リーダーが判断しないことの損失

リーダーが判断しない/できないことの損失についてのメモ.

  • 生産性の低下
    • ある仕様要件を受けるか受けないかという問題の判断を先送りすると,仕様作成者のみならず設計エンジニアやマーケティング,企画など多くの関係者のムダな工数が発生する.
  • モチベーション低下
    • ある課題に対して,メンバAの提案Aを施策案としてほぼ決めていたところで,声の大きいメンバBにより提案Bが提示されると,明確な判断基準もなく提案B を採用する.これをやると,メンバAのモチベーションは下がる.何度もやるとリーダーへの信頼を失う.そしてメンバAは発言しなくなる.
  • 信頼の低下
    • メンバAとメンバBの意見が割れたときに,決定権があるリーダーが結論を先送りする.リーダー自身はどう考えるかと意見を聞いても答が返ってこない.こんなときは,メンバAもメンバBもリーダーへの信頼がゆらぐ.リーダーの頭の中が見えないと,メンバはそれに応えることが難しくなる.
  • 自律的行動の抑制
    • 判断しないとは,戦略的視点/思考がないともいえる.プロジェクトやチームにおいて,ゴールまでには複数のシナリオが考えられるわけだが,その中から最善と思われるものを選択することが戦略を決めることに他ならないから.戦略的視点がないと,メンバのベクトルが合うはずもない.

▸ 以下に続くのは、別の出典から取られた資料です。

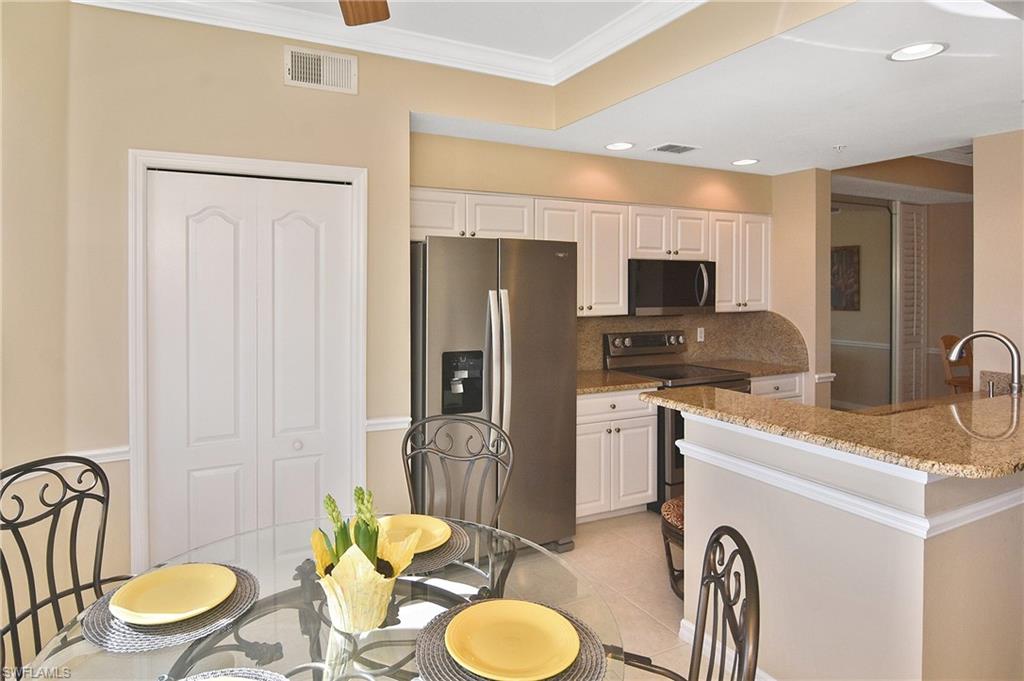 10361 Butterfly Palm Dr 723 Property Photo 17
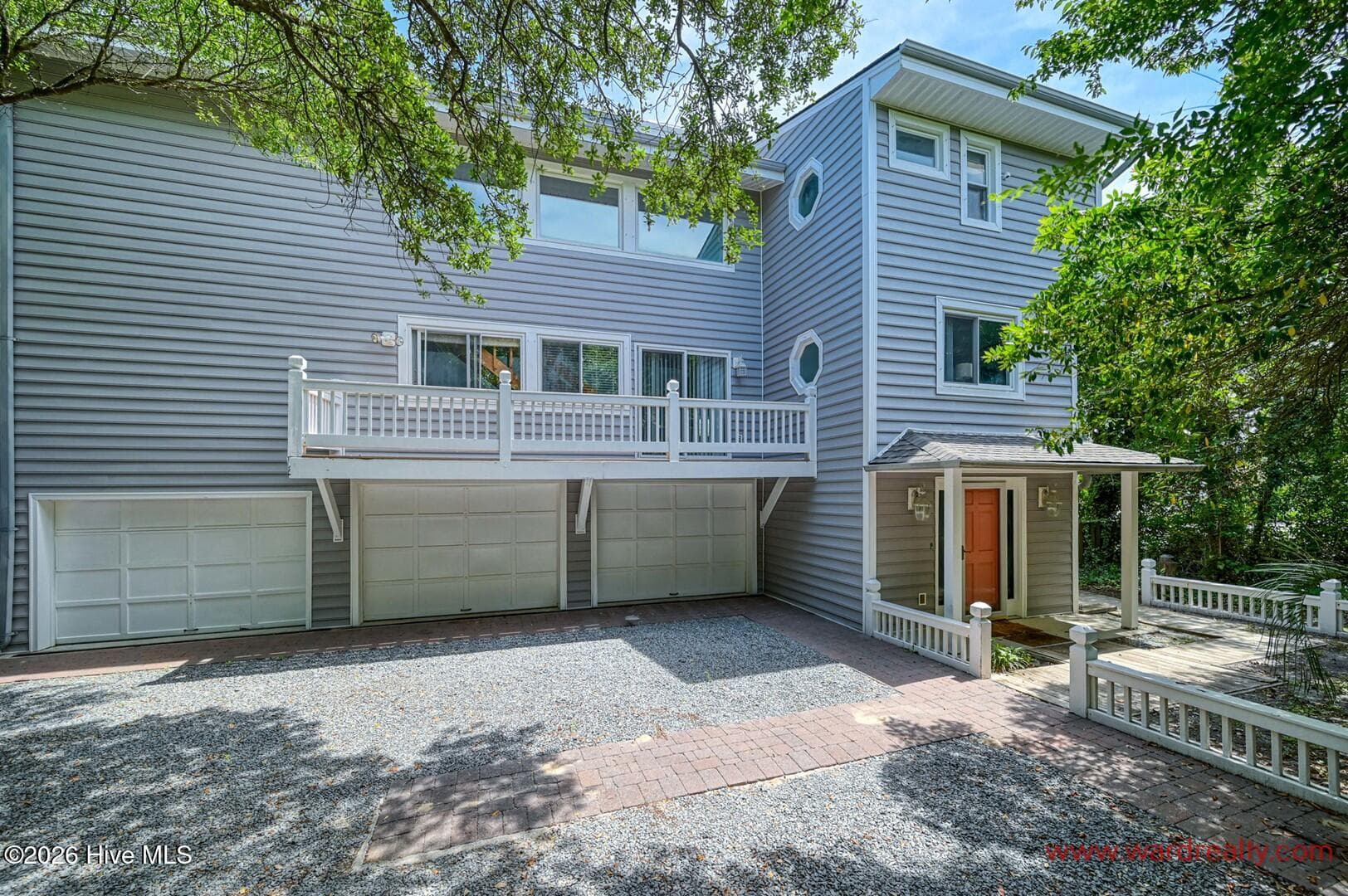 Exterior of 126 Channel Bend, Surf City, NC 28445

ビジネスの問題には正解がない.だからこそ,その人なりの明確な判断基準(ポリシーともいう)に基づいて判断するしかないことが多々ある.
確かにメンバに決めさせる,またはみんなで決めていくという民主主義的な考えも状況によってはぜんぜんありだ.気をつけたいのは,そのある種のやさしさが時には人を傷つけたり,時間をかけて決めていくことが大きな機会損失を生んでいるかもしれないことに注意しなければならないことだ.特にリーダーにおいては判断が迫られる機会も多く,そしてその影響は上層であればあるほど大きくなる.

判断は結果的に間違っていてもいい.
最悪なのは,判断しないことだ.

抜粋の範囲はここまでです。